New Drug based Improves Treatment Of Dangerous Blood Disorder
Two clinical trials of the novel drug romiplostim (Nplate) show that it significantly improved platelet levels in patients with chronic immune thrombocytopenic purpura (ITP), a hematologic disorder that can cause uncontrolled bleeding. An international research team reports Phase 3 trial results for the drug, which duplicates the action of a natural hormone discovered by a Massachusetts General Hospital (MGH) investigator, in the February 2 issue of The Lancet.
"Many ITP patients have had to choose between no therapy or a treatment with limited efficacy and potentially serious side effects," says David Kuter, MD, DrPhil, director of Clinical Hematology at MGH and lead author of the Lancet study. "The low toxicity and high response to this drug may convert a potentially life-threatening condition to one that can be easily managed with a weekly injection."
ITP is a chronic disorder in which the immune system destroys platelets, blood cells that help prevent bleeding. While some ITP patients experience only increased bruising, others may have serious bleeding and occasionally dangerous hemorrhage. Recent investigations suggest that, in addition to the destruction of existing platelets, ITP also may be due to reduced platelet production. Currently available treatments for ITP - including steroid drugs, which have significant side effects, and removal of the spleen (splenectomy) - are designed to reduce platelet destruction and may be ineffective in many patients.
Thrombopoietin is the natural regulator of platelet production. Kuter was one of the original discoverers of the hormone in 1994 and has been active in developing thrombopoietic drugs ever since. Romiplostim is a unique 'peptibody' - a peptide antibody - that stimulates platelet production by mimicking the action of thrombopoietin. Earlier Phase 1 and 2 trials have shown that romiplostim increases platelet production in healthy volunteers and in short-term treatment of ITP patients.
The double-blinded Phase 3 trials were conducted at 35 sites in the U.S. and Europe. One trial enrolled 63 splenectomized patients, the other included 62 patients who retained their spleens. Both groups were randomly assigned to receive either romiplostim or a placebo in weekly injections during the 24-week study period. Participants' platelet levels were monitored during the trial, and dosage was adjusted to achieve a target platelet count of 50,000/ml.
Among the 42 splenectomized patients who received romiplostim, nearly 80 percent reached the target platelet count during at least four weeks of the study, and 38 percent achieved a durable response, maintaining a target platelet count during at least six of the last eight weeks of the study. In the non-splenectomized patients, 88 percent had at least four target platelet count measurements, with 61 percent achieving a durable response.

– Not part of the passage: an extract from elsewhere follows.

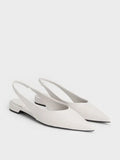 CHARLES & KEITH Women Pointed-Toe High-Vamp Slingback Flats_White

More than half the patients receiving romiplostim were able to discontinue all other ITP medications they were taking, and 35 percent reduced other therapies. While over half the participants in the placebo groups of both studies needed rescue medications to treat or prevent bleeding episodes, significantly fewer of those receiving the active medication needed such treatment.
"We're seeing dramatic results for this totally new approach to treating people with ITP," Kuter says. "I've been working on the development of thrombopoietin since 1983, and it's very gratifying to participate in its discovery, purification, drug development and now the studies showing its clinical effectiveness." He adds that his MGH team and other researchers are conducting other romiplostim trials and will continue to investigate the drug's usefulness for treating ITP and other conditions of reduced platelet production, such as those caused by cancer or cancer treatment.